Ready for a twist? Hidden inside the temple are the dreaded "mysterious Mayan temple guards" that protect three specific rooms of the temple. If the frontrunner is caught by a temple guard after entering a room with one inside, he or she has to surrender a Pendant of Life to the guard. If that player is caught a second time, he or she is taken out of the temple, and the other partner has to start at the temple gate and take over. Unless the team had managed to acquire two pendants in the Temple Games, a third temple guard encounter ends the temple run in whole at the moment of capture. The teams can combat this by searching for a hidden half pendant that, when found by the second player, is worth an extra life. This half pendant is only hidden if the team wins one and a half pendants in the temple games.
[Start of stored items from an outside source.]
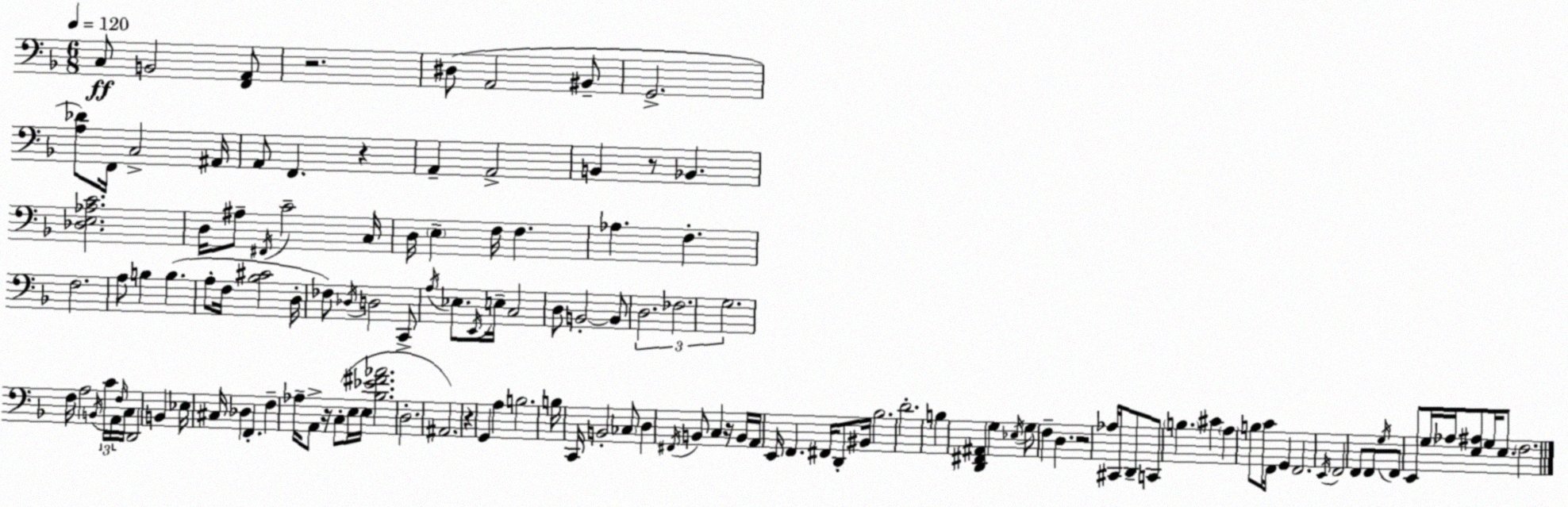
X:1
T:Untitled
M:6/8
L:1/4
K:Dm
C,/2 B,,2 [F,,A,,]/2 z2 ^D,/2 A,,2 ^B,,/2 G,,2 [A,_D]/2 F,,/4 C,2 ^A,,/4 A,,/2 F,, z A,, A,,2 B,, z/2 _B,, [_D,E,_A,C]2 D,/4 ^A,/2 ^F,,/4 C2 C,/4 D,/4 E, F,/4 F, _A, F, F,2 A,/2 B, B, A,/2 F,/4 [_B,^C]2 D,/4 _F,/2 _D,/4 D,2 C,,/2 A,/4 _E,/2 E,,/4 E,/4 C,2 D,/2 B,,2 B,,/2 D,2 _F,2 G,2 F,/4 A,2 B,,/4 C/4 A,,/4 F,/4 C,/4 D,,2 B,, _E,/4 ^C,/4 _D, F,, F, _A,/4 A,,/2 z/4 C,/2 E,/4 E,/4 [_B,_E^F_A]2 D,2 ^A,,2 z G,, A, B,2 B,/4 C,,/4 B,,2 _C,/2 D, ^F,,/4 B,,/2 C, z/4 B,,/4 A,,/4 E,,/4 F,, ^F,,/4 D,,/2 ^B,,/4 _B,2 D2 B, [D,,^F,,^A,,] G, _E,/4 G,/2 F, D, z2 _A,/4 ^C,,/4 D,,/2 C,,/2 B, ^C A, B,/2 C/4 F,,/4 G,, F,,2 E,,/4 F,,2 F,,/2 F,,/2 G,/4 F,,/2 E,,/2 G,/4 _A,/4 [E,^A,]/2 G,/4 E,/2 F,2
If the team reaches the artifact, all of the doors in the temple instantly unlock, and the temple guards "vanish," at which point the contestant must make a mad dash toward the temple gate. If that player successfully passes through the gate with the artifact in his or her possession, the team has won; however, they have only three minutes to complete the temple run in its entirety, an especially difficult feat taking into effect the unpredictable nature of the many locked doors and dead-ends. (Teams manage to win in roughly 25% of the episodes.) Every winning team wins a vacation, and to console the unsuccessful contestants, smaller prizes are awarded both for entering the temple and reaching the artifact. In my opinion, the Temple Run is the most exciting three minutes on television, even if I have grown to know the outcomes after watching so many episodes.